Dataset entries

┌────────

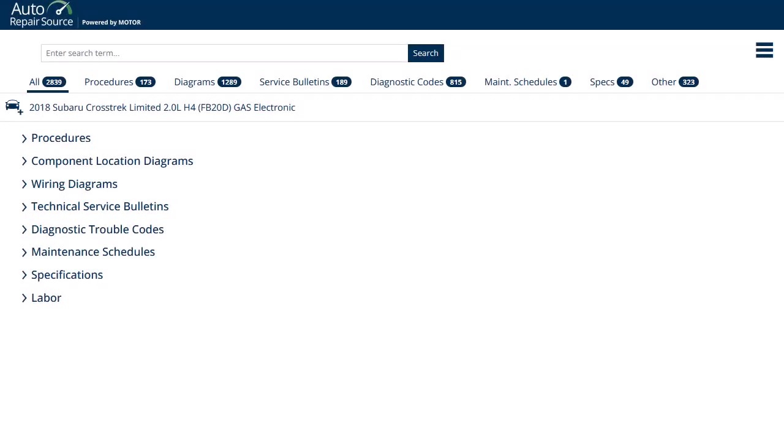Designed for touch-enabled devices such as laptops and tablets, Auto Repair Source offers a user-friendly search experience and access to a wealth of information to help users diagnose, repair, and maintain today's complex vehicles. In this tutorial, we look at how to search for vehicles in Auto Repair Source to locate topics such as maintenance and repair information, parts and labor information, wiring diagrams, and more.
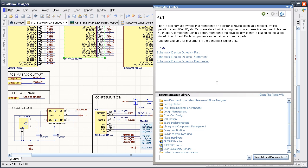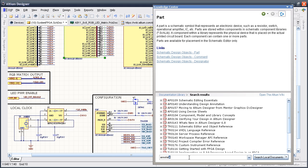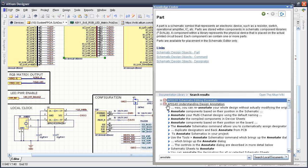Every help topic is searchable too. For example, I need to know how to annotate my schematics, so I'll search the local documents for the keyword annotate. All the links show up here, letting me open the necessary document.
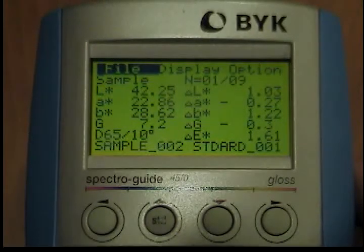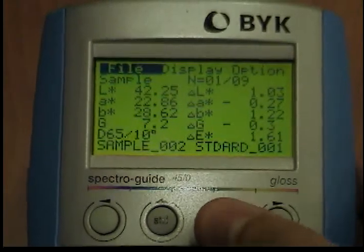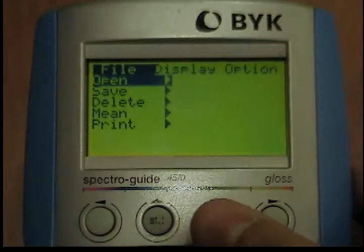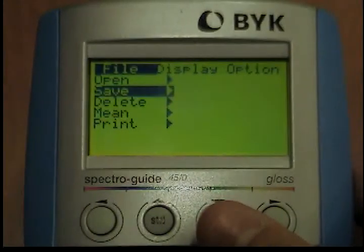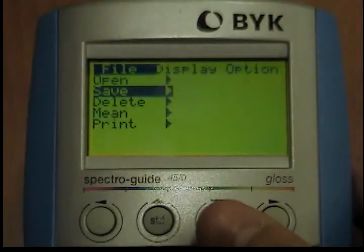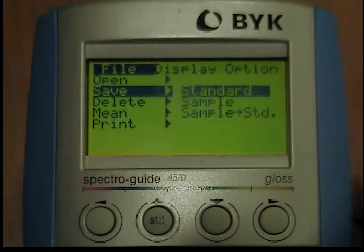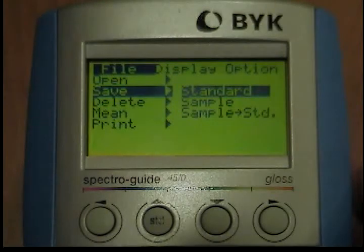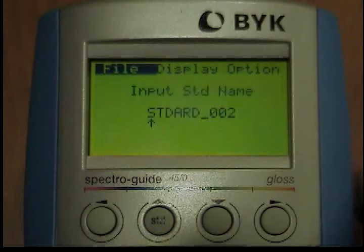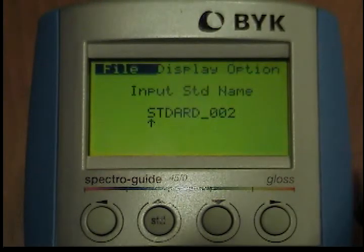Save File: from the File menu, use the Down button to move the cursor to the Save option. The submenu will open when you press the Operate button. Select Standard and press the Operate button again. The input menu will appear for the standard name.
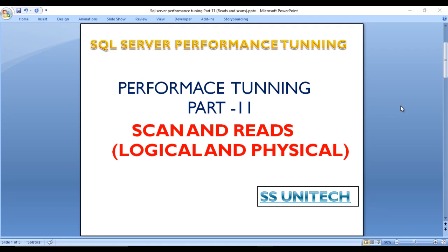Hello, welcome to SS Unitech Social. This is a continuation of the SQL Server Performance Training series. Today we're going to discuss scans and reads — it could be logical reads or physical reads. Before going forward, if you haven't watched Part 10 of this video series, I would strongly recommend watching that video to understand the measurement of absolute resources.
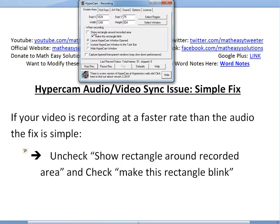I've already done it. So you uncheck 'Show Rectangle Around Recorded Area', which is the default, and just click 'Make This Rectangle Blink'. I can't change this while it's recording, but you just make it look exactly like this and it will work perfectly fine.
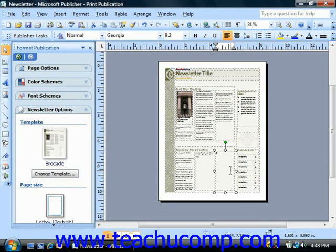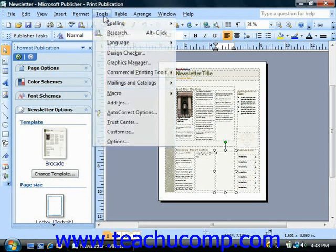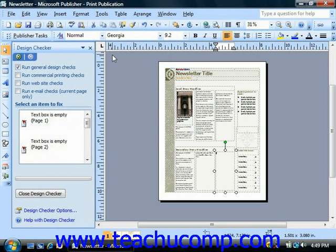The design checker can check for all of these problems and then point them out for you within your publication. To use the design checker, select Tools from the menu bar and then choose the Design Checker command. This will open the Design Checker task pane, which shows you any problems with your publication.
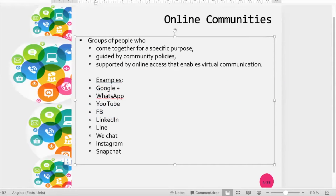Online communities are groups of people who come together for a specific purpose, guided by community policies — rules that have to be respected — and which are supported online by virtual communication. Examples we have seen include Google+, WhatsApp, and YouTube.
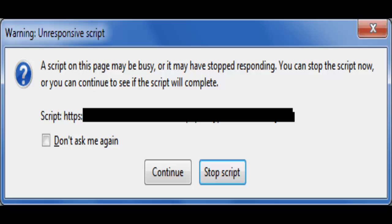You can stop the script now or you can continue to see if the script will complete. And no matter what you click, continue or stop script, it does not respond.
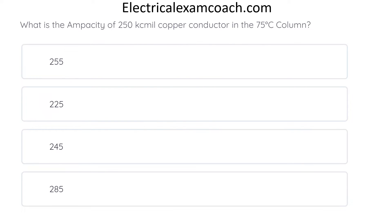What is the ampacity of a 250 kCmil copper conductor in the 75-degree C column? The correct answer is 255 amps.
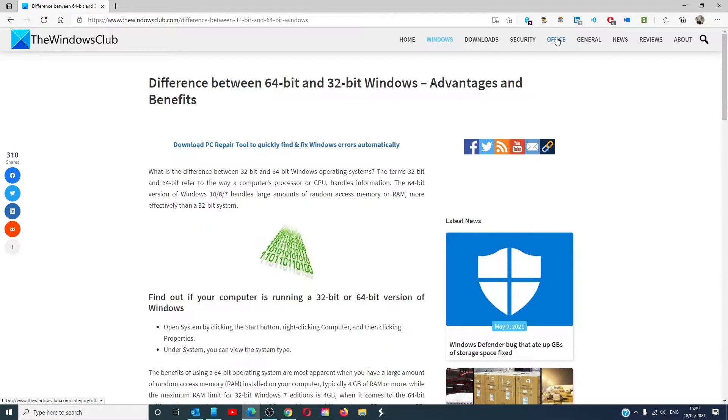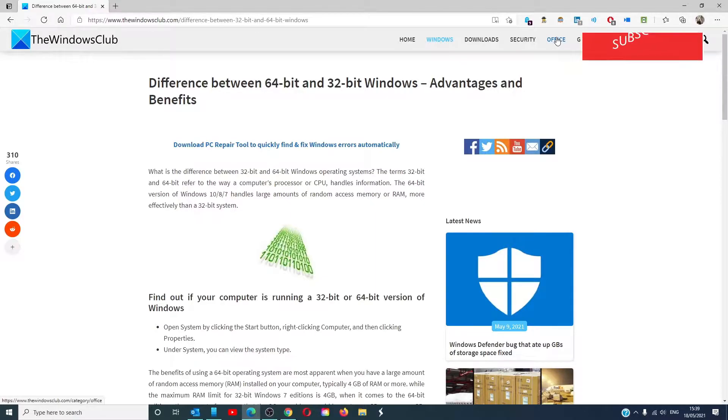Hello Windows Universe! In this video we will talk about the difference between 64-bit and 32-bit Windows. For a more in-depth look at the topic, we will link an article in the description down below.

└────────

• [Exercise objective] The records above are to be retyped exactly, with every picture left out.

• [The completed task]
Designed for touch-enabled devices such as laptops and tablets, Auto Repair Source offers a user-friendly search experience and access to a wealth of information to help users diagnose, repair, and maintain today's complex vehicles. In this tutorial, we look at how to search for vehicles in Auto Repair Source to locate topics such as maintenance and repair information, parts and labor information, wiring diagrams, and more.
Every help topic is searchable too. For example, I need to know how to annotate my schematics, so I'll search the local documents for the keyword annotate. All the links show up here, letting me open the necessary document.
Save File: from the File menu, use the Down button to move the cursor to the Save option. The submenu will open when you press the Operate button. Select Standard and press the Operate button again. The input menu will appear for the standard name.
Hello, welcome to SS Unitech Social. This is a continuation of the SQL Server Performance Training series. Today we're going to discuss scans and reads — it could be logical reads or physical reads. Before going forward, if you haven't watched Part 10 of this video series, I would strongly recommend watching that video to understand the measurement of absolute resources.
I've already done it. So you uncheck 'Show Rectangle Around Recorded Area', which is the default, and just click 'Make This Rectangle Blink'. I can't change this while it's recording, but you just make it look exactly like this and it will work perfectly fine.
The design checker can check for all of these problems and then point them out for you within your publication. To use the design checker, select Tools from the menu bar and then choose the Design Checker command. This will open the Design Checker task pane, which shows you any problems with your publication.
Online communities are groups of people who come together for a specific purpose, guided by community policies — rules that have to be respected — and which are supported online by virtual communication. Examples we have seen include Google+, WhatsApp, and YouTube.
You can stop the script now or you can continue to see if the script will complete. And no matter what you click, continue or stop script, it does not respond.
What is the ampacity of a 250 kCmil copper conductor in the 75-degree C column? The correct answer is 255 amps.
Hello Windows Universe! In this video we will talk about the difference between 64-bit and 32-bit Windows. For a more in-depth look at the topic, we will link an article in the description down below.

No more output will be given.